La NASA ha actualizado los cálculos sobre el asteroide 2024 YR4, un objeto cercano a la Tierra que generó interés científico por su posible trayectoria hacia la Luna en diciembre de 2032. Tras nuevas observaciones realizadas con el telescopio espacial James Webb, los científicos han descartado cualquier posibilidad de impacto.
Los datos recogidos el 18 y 26 de febrero permitieron a los expertos del Centro de Estudios de Objetos Cercanos a la Tierra (CNEOS), dependiente del Laboratorio de Propulsión a Chorro de la NASA, recalcular con mayor precisión la órbita de este objeto.
Según las nuevas estimaciones, el asteroide 2024 YR4 pasará cerca de la superficie de la Luna el 22 de diciembre de 2032, pero a una distancia aproximada de 21.200 kilómetros, lo que descarta cualquier colisión.

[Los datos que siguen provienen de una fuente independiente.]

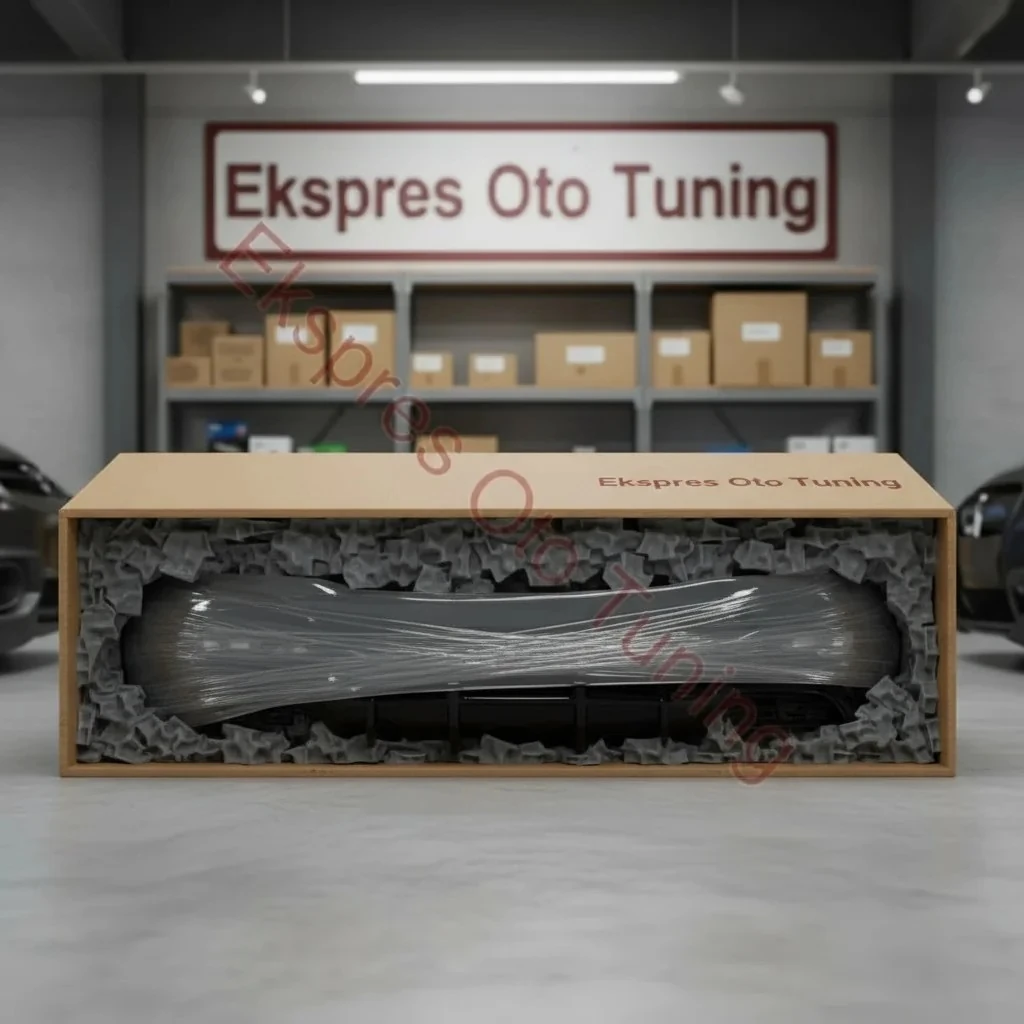 Bmw 1 Serisi Difüzör (F20 LCI Uyumlu – M2 Competition Görünüm – Piano Black – 1.50)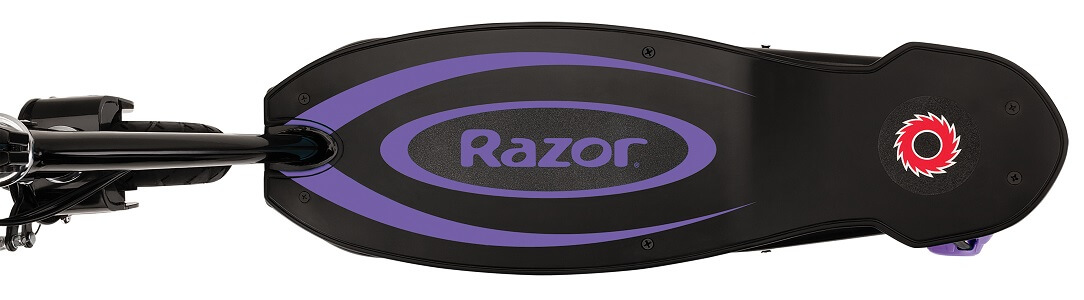 hulajnoga Razor E100 Power Core fioletowa - Podest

La NASA descarta el impacto del asteroide con la Luna
Los científicos explican que el asteroide no ha cambiado su trayectoria. Lo que ha mejorado es la precisión de los cálculos sobre su posición futura gracias a nuevas observaciones.
Antes de incorporar los datos del telescopio James Webb, los modelos indicaban que existía una probabilidad del 4,3 % de impacto con la Luna en esa fecha.
El equipo encargado de las observaciones, liderado por el Laboratorio de Física Aplicada de Johns Hopkins, utilizó las capacidades del telescopio Webb para obtener dos nuevas mediciones del objeto.
Estas observaciones fueron especialmente complejas, ya que desde la primavera de 2025 el asteroide no podía observarse desde la Tierra ni desde otros telescopios espaciales.
El telescopio Webb fue el único instrumento capaz de detectarlo en ese momento, logrando registrar una de las observaciones de asteroides más débiles jamás realizadas.
¿Qué se sabe del asteroide 2024 YR4?
El asteroide 2024 YR4 fue descubierto a finales de 2024 por una estación del sistema ATLAS (Asteroid Terrestrial-impact Last Alert System) financiado por la NASA y situado en Chile.
Cuando se detectó por primera vez, los cálculos preliminares indicaban una pequeña probabilidad de impacto con la Tierra.
Sin embargo, a medida que los observatorios de todo el mundo recopilaron más datos, los expertos pudieron mejorar los modelos orbitales y confirmar que no representa un riesgo significativo para la Tierra el 22 de diciembre de 2032 ni durante el próximo siglo.
Los científicos recuerdan que este tipo de revisiones son habituales cuando se descubre un nuevo objeto cercano a la Tierra. Las primeras estimaciones suelen cambiar conforme se incorporan nuevas observaciones y cálculos más precisos.